Qu’est-ce qui te semble avoir changé pour les ados entre 1994 et aujourd’hui ?
Je pense que si j’étais ado aujourd’hui, j’aurais pu assumer mon homosexualité plus vite. En effet, à l’époque, je manquais cruellement d’informations, de modèles positifs et personne n’abordait le sujet de façon ouverte et bienveillante. Cela m’aurait rassuré d’avoir quelqu’un qui me tende la main et à qui je puisse me confier. Il me semble que pour les ados d’aujourd’hui, il est davantage possible de parler de ces questions. La loi a établi plus d’égalité et induit moins qu’à l’époque que les homosexuel-le-s seraient des citoyen-ne-s de seconde zone. Aujourd’hui, un-e ado homo peut imaginer se marier et avoir des enfants. Ce n’était même pas une option en 1994 et cela nous paraissait presque normal à toutes et tous.
Lorsque tu as découvert que tu étais LGBT, vers quelles ressources t’es-tu tourné ?
En 1994, je n’avais aucune ressource pour comprendre l’homosexualité. Ce n’est que plus tard, notamment lorsque j’ai commencé à avoir accès à internet vers 1998 / 2000, que j’ai pu consulter des sites d’associations étudiantes, comme Centrale Gay Lyon.

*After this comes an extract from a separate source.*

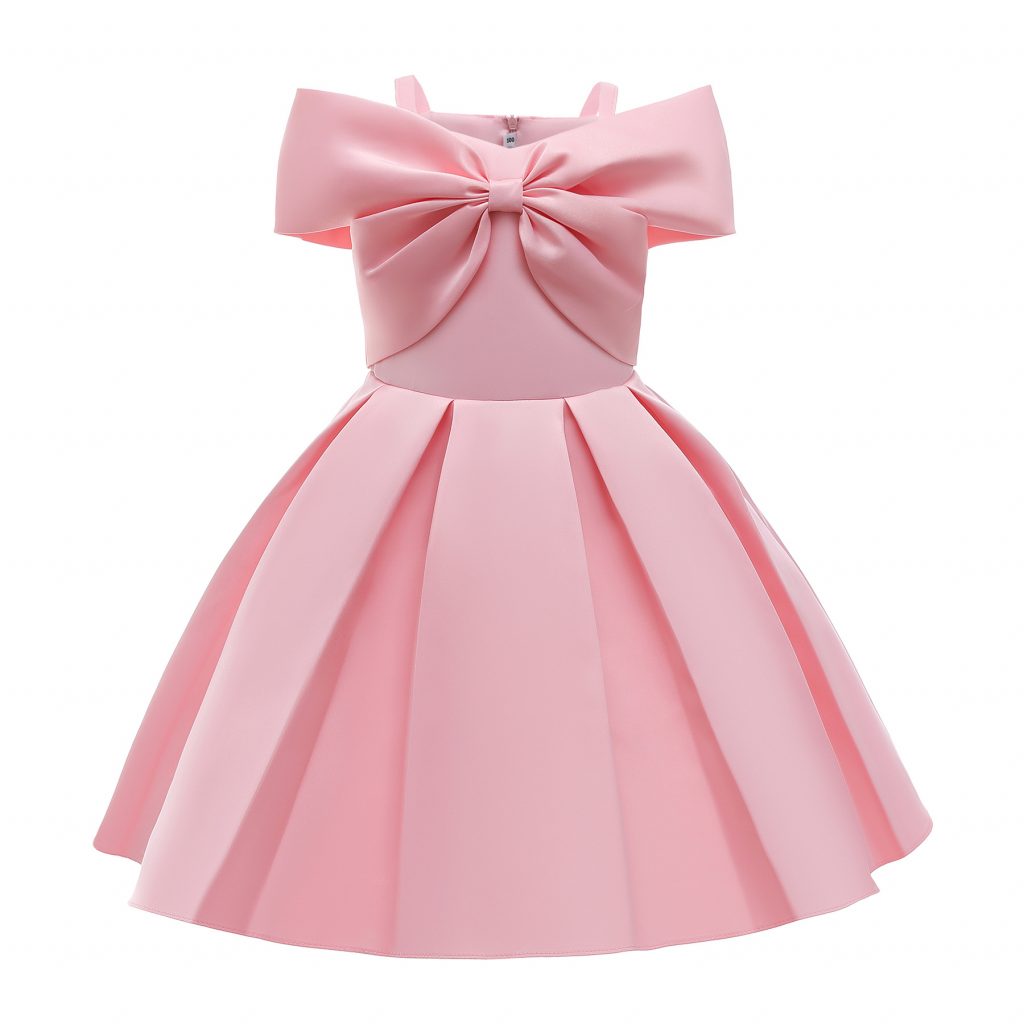 Baby Girl Princess Dress 1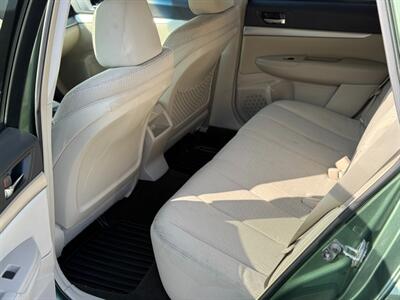 2012 Subaru Outback 2.5i Premium   - Photo 11 - North Hills, CA 91343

Leur site était à la fois détaillé, informatif et rédigé de façon assez drôle. Cela faisait beaucoup de bien à lire.
Est-ce qu’il y a des séries, films ou livres LGBT qui t’ont marqué quand tu étais ado ?
Le peu de références culturelles LGBT que j’avais c’était des films comme « Les roseaux sauvages » d’André Téchiné. Nous étions allé le voir dans le cadre d’une sortie scolaire et je me souviens avoir été ému mais aussi des réactions de dégoût et de rejet de mes camarades.
Aurais-tu un conseil à donner aux ados de 2019 ?
Evitez de vouloir absolument vous mettre dans une case, essayez simplement de vivre vos attirances et amours le plus librement possible. Le dialogue peut être encore difficile dans certaines familles. En revanche, il est devenu beaucoup plus facile de trouver des ressources, des associations et des personnes avec qui échanger en toute bienveillance.